This post explains how you can use Coil's OAuth login API to stream payments from Coil users without them having to use a browser extension. Coil has proposed and implemented a new standard to monetise content online without depending on advertising, called Web Monetization. The service is built on the Interledger Protocol. They are doing an amazing job at squaring a circle to make a better web for everyone. They have a service for Coil subscribers who pay to a personal balance, which is then distributed to content owners via Coil browser extensions, mobile apps and apps connecting to the Coil API.
If you want to see what you'll learn in this article, try out our implementation in the Kendraio Player and see our screencast.
Setting up OAuth and login process
Several steps are needed to set up OAuth. To get started, email Coil, fill in the web form on their site, make a one-off API request to get a key, and implement your own backend (to securely access Coil with a secret key) as well as your frontend to present a button and deal with various redirects as part of the OAuth authentication.
Thanks to funding from Grant for the Web, we were able to add Web Monetisation support to our low-code tool, Kendraio App, which enables users to make data-driven apps with custom workflows. Kendraio is a non-profit organisation and all our code is open-source, so you may benefit if you're implementing your own Coil login integration.
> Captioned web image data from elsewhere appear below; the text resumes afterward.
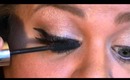 How to Get BIG Lashes!
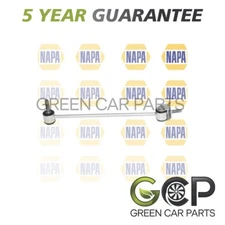 Stabiliser Link Rear Left GCP Fits Mercedes S-Class 2013-2020 + Other Models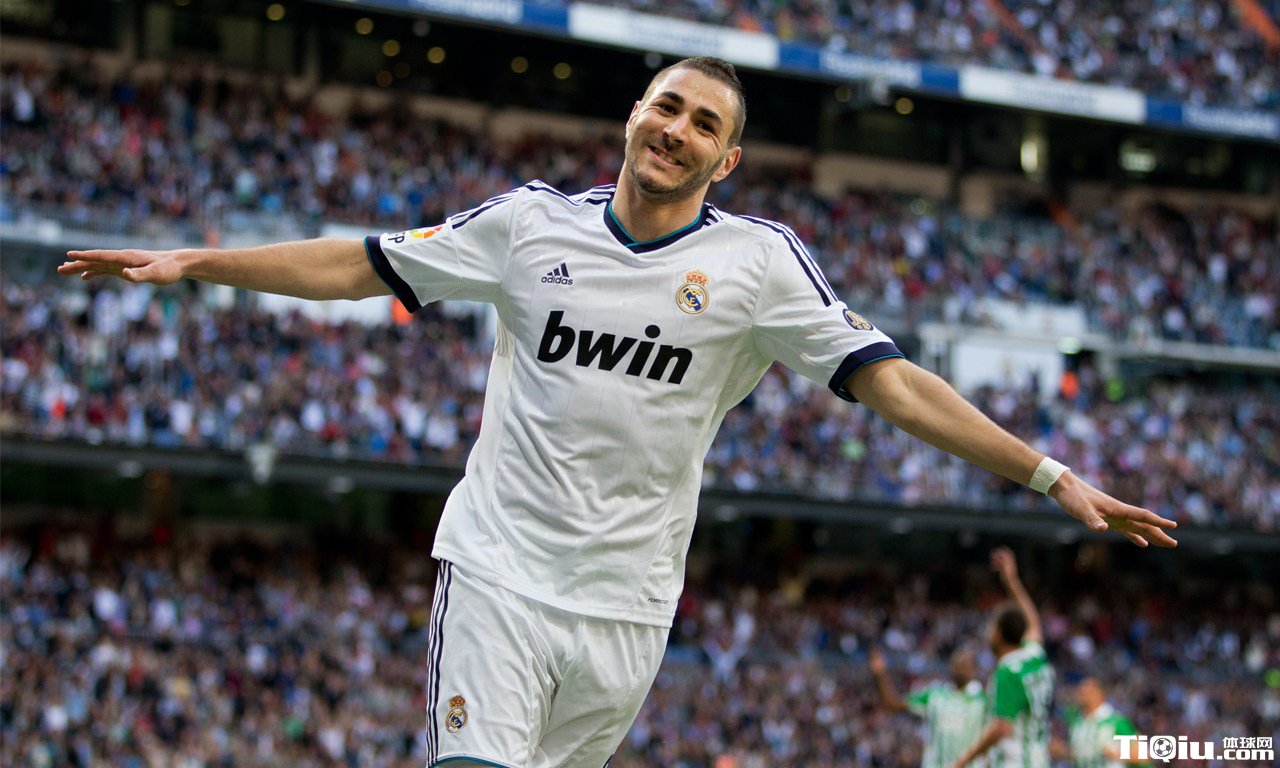 ��������ɭ��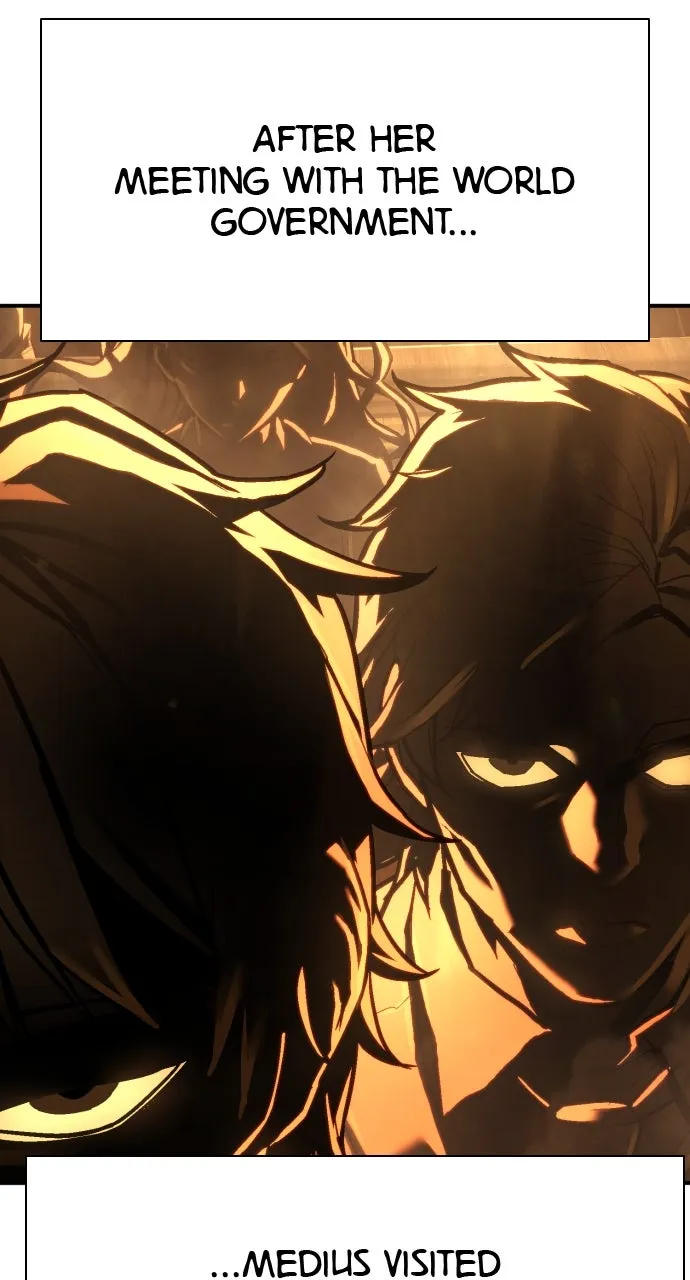 The Executioner Chapter 44 page 88 -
Maybe you have some content you want to monetise with Coil or maybe you have already monetised and want to provide users with access to content they've already paid for with Coil. Either way, if you're interested in making this content available and monetisable without your users needing to depend on a particular browser or browser extension, then you may find this technical guide useful.
Step 1 - Request access and provide resources
As outlined by Coil themselves on their docs, the first step is to make a Coil account.
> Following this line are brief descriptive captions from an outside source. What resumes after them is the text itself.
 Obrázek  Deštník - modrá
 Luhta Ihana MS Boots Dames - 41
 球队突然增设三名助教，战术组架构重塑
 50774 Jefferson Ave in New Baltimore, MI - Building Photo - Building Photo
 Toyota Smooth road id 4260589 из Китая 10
After making an account, email the Coil developers with your use-case so they can approve your use of their API. Once approved, you'll need to register your app or website by providing them with a link to your logo, privacy policy, terms of service, and a list of URLs your users may be redirected to after logging in with Coil.
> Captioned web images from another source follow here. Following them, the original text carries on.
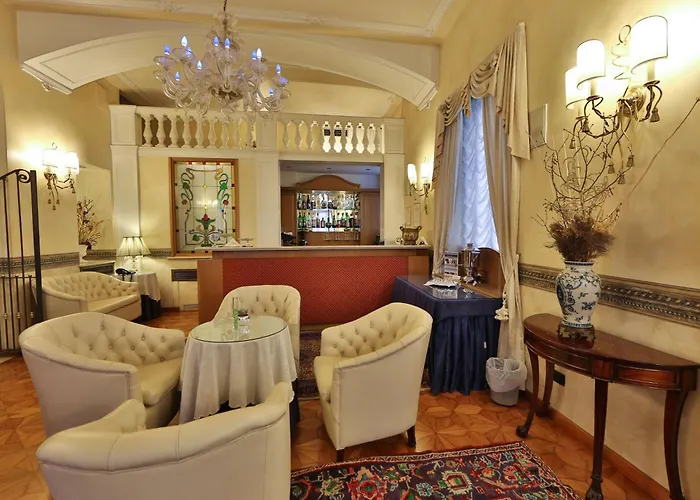 Western Genova טורינו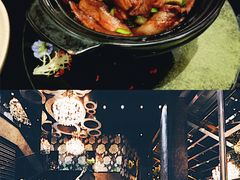 -云门锦翠(商鼎国际店)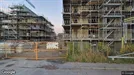 Lägenhet att hyra, Ängelholm, Munka-Ljungby, Ellenbergavägen<span class="blurred street-number" onclick="ProcessAdRequest(3741830)"><span class="hint">Se väg-nr</span>[xxxxxxxx]</span> - Ca. 55m2, Ca. 9 500&nbsp;kr.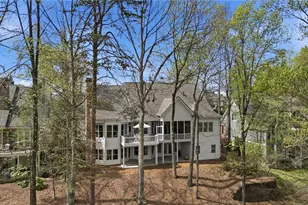 447 Night Fire Dr, Dawsonville, GA 30534 - Photo 28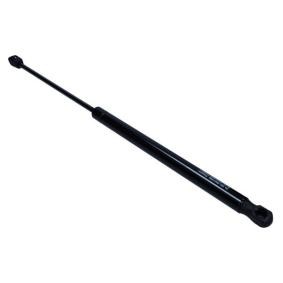 Compre Amortecedor da mala da MAXGEAR 12-2538 a um preço baixo por 17,05 €
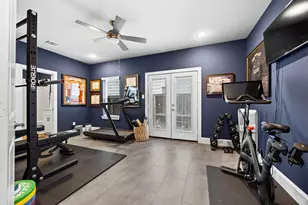 5528 Cornish St, Houston, TX 77007 - Photo 8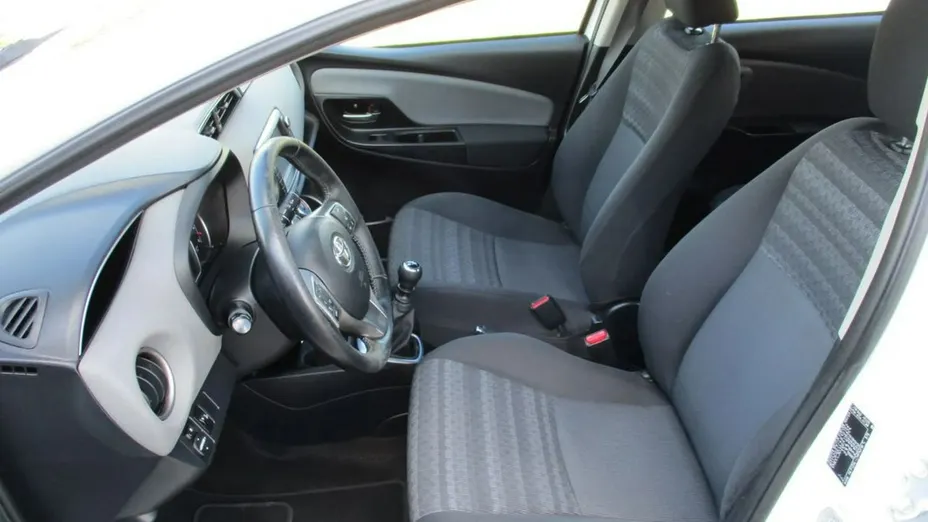 NISSAN Juke -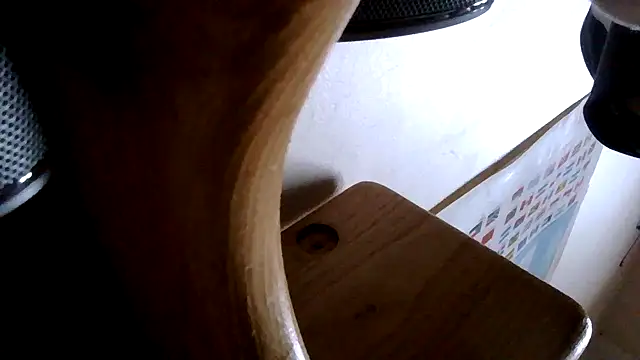 tomwaelz online show from April 13, 6:47 am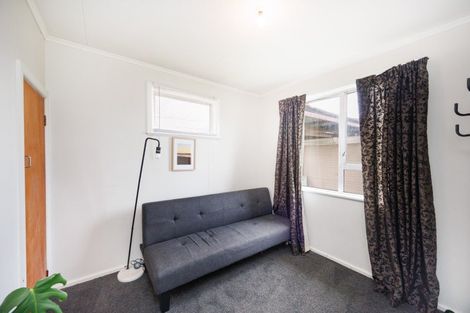 Photo of property in 9 Edinburgh Street, Feilding, 4702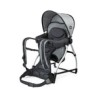 BackPack Chicco SMART SUPPORT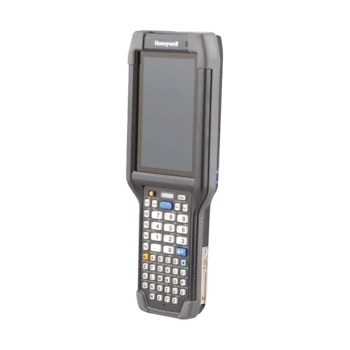 Honeywell CK65 CK65-L0N-ELC210E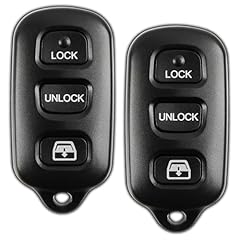 Key fob replacement for sale  Delivered anywhere in USA 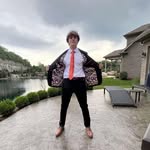 Evan Spear - @ev.spear - Instagram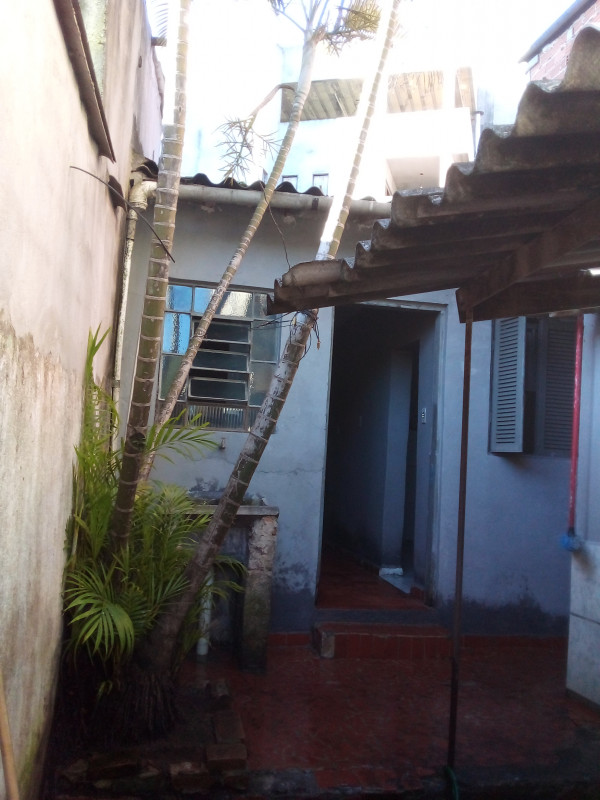 imóvel com 125m² - Centro - São Paulo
A word of warning: As there does not appear to be an easy way to change the list of URLs later, ensure you have a development URL or two set aside. This might be a staging URL and a localhost URL. Without this, testing the login flow could be a lot more clunky, so it's worth having a good think about what URLs you will need ahead of time.
Once you've sent the form, you should be emailed a registration access token that you can use once to get a secret key. This key is needed to connect your users to their Coil accounts and the Coil API for each subsequent login.
I used the Insomnia web client to make this POST request to their API at https://coil.com/oauth/reg and it returned a pretty printed JSON response containing the OAuth secret key and other info. Another option is to use a curl command directly or from Postman. Be careful to store the key securely, as you only get it once and it is used for potentially sensitive activity, such as moving money around and accessing user account info.
Step 2 - Create Backend API
Now that you have the key, it can be used by a login backend. The backend must use the key to verify you are who you say you are, to complete OAuth login attempts for your users.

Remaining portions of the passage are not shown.